= About this task =
To complete this task, print all the data below exactly but leave out the images.

= Input data =
--- START ---

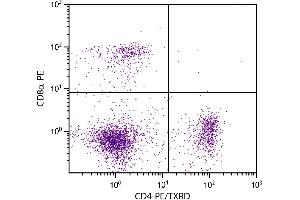 C57BL/6 mouse splenocytes were stained with Rat Anti-Mouse CD4-PE/TXRD and Rat Anti-Mouse CD8α-PE. (CD4 antibody  (PE,Texas Red (TR)))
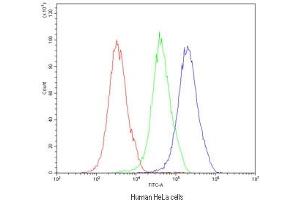 Flow Cytometry (FACS) image for anti-Major Vault Protein (MVP) antibody (ABIN5708257)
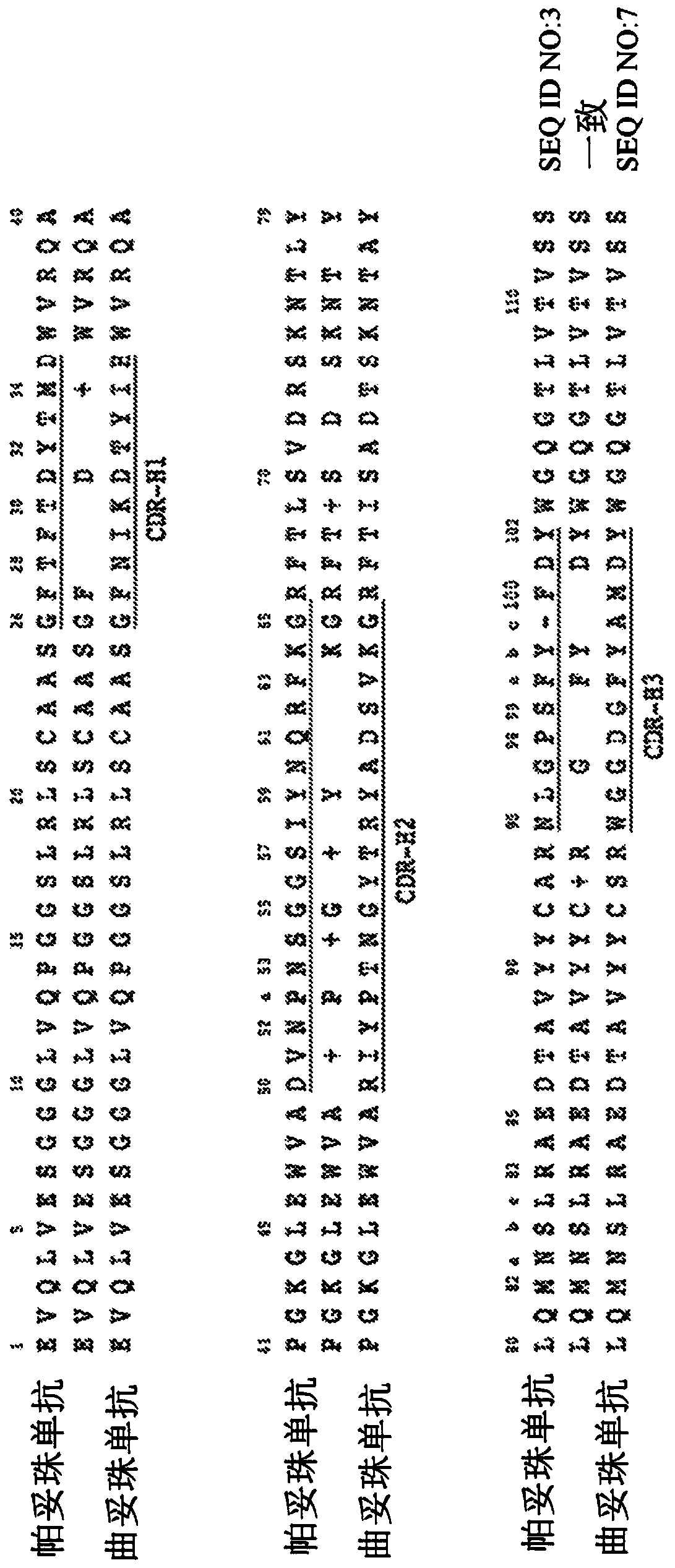 Biparatopic and multiparatopic antibodies with common light chain and method of use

--- END ---

= Answer box =
 C57BL/6 mouse splenocytes were stained with Rat Anti-Mouse CD4-PE/TXRD and Rat Anti-Mouse CD8α-PE. (CD4 antibody  (PE,Texas Red (TR)))
 Flow Cytometry (FACS) image for anti-Major Vault Protein (MVP) antibody (ABIN5708257)
 Biparatopic and multiparatopic antibodies with common light chain and method of use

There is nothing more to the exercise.